— YOUR ASSIGNMENT —
Please copy, exactly as written, the span from the first line below to the line that contains "Dimbare E14 4W", including both, and skip the pictures.

** Opening AVAILABLE DATA block **

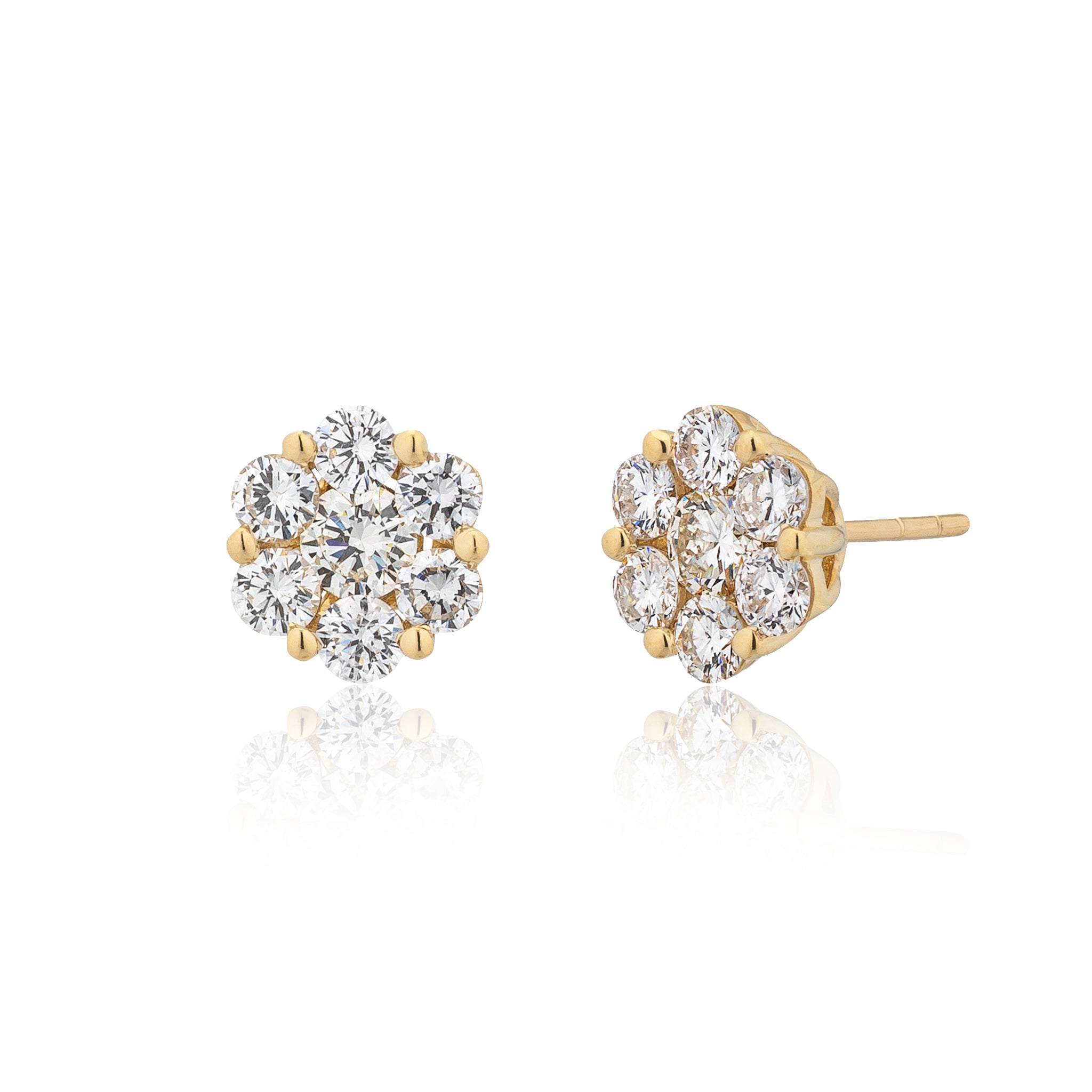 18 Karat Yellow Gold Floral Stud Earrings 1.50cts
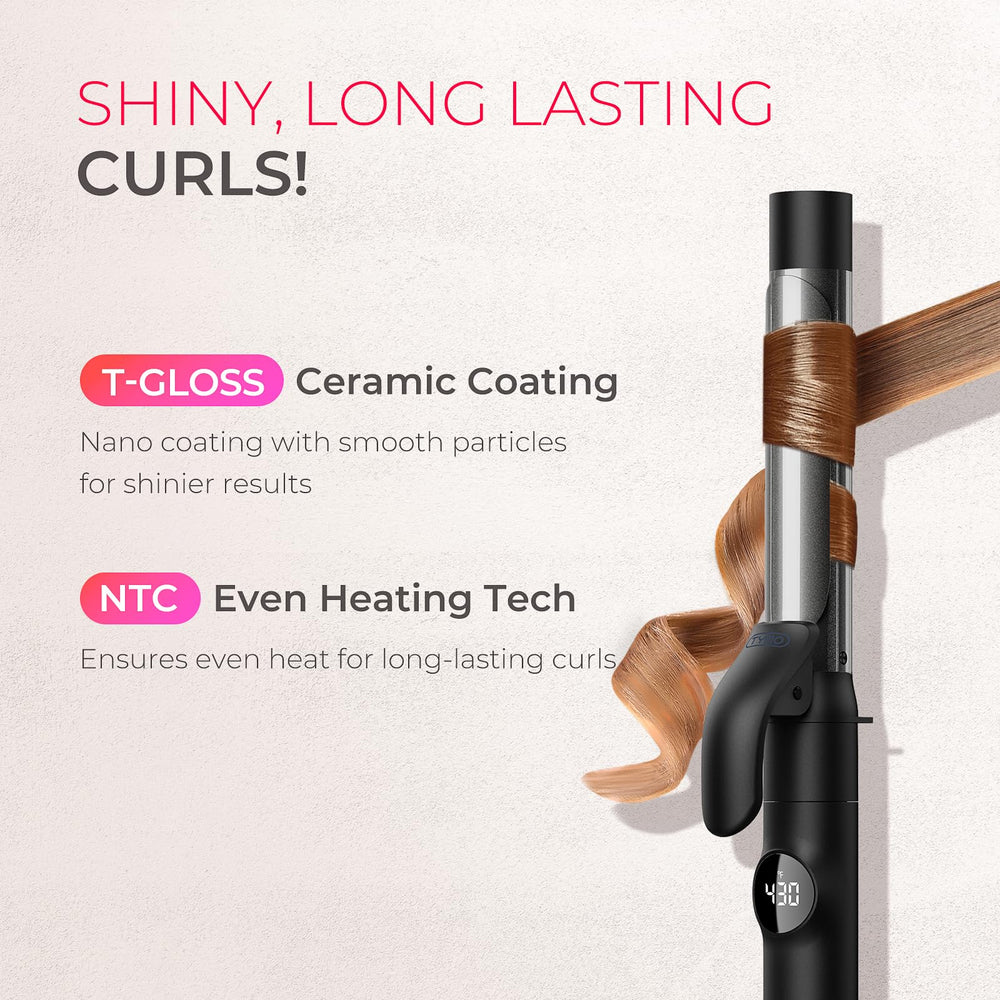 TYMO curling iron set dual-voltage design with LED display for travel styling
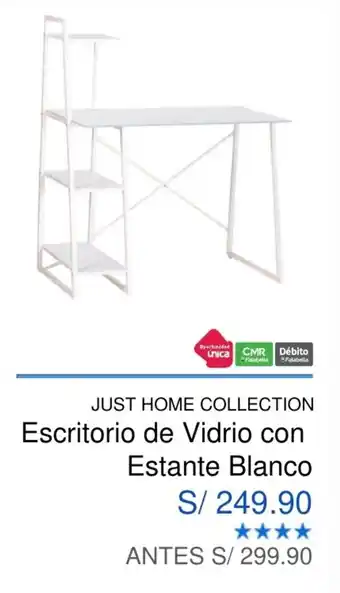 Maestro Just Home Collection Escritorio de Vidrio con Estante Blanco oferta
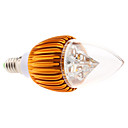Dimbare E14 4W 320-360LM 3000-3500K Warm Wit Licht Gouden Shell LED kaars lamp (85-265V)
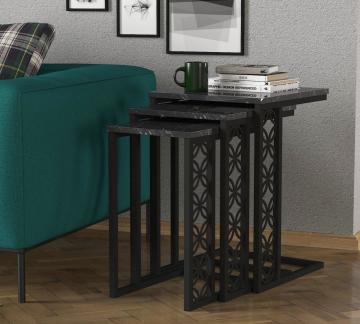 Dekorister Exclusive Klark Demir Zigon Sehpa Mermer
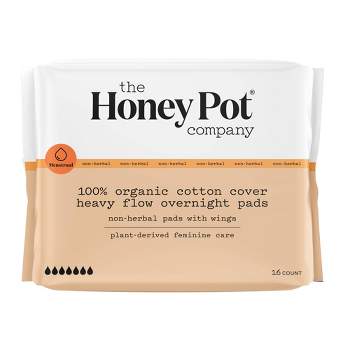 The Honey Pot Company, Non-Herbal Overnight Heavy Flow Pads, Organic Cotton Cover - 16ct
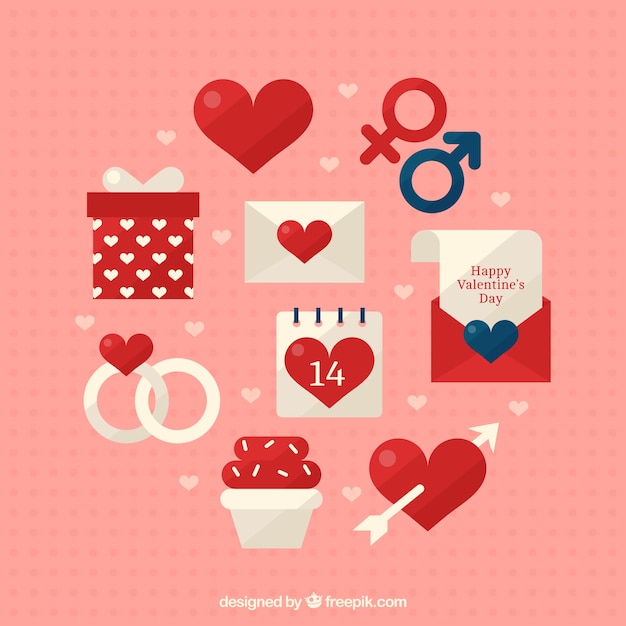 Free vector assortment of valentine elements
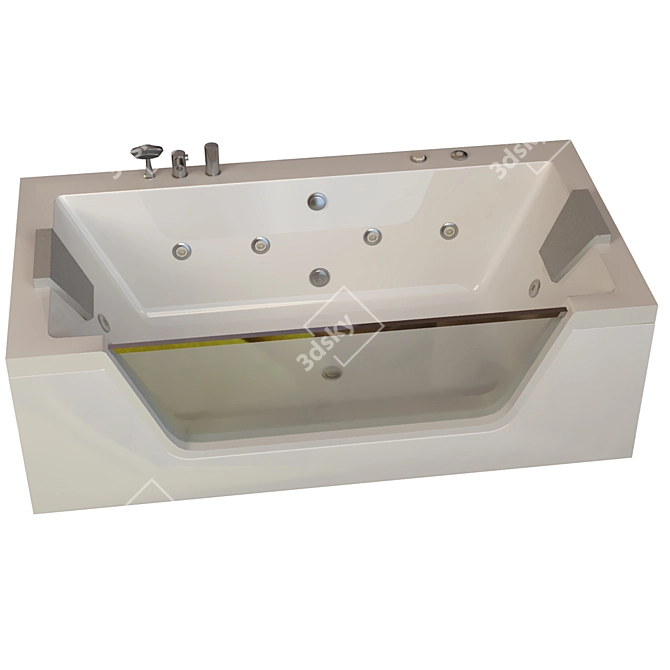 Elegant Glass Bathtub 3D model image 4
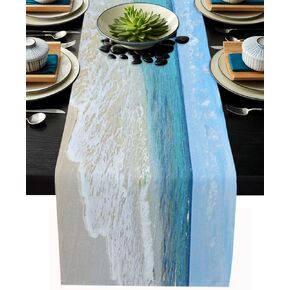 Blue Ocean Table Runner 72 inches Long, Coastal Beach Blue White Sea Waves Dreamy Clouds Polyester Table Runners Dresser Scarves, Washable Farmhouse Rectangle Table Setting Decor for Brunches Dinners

** Closing AVAILABLE DATA block **

— SOLUTION TO THE PROBLEM —
 18 Karat Yellow Gold Floral Stud Earrings 1.50cts
 TYMO curling iron set dual-voltage design with LED display for travel styling
 Maestro Just Home Collection Escritorio de Vidrio con Estante Blanco oferta
Dimbare E14 4W 320-360LM 3000-3500K Warm Wit Licht Gouden Shell LED kaars lamp (85-265V)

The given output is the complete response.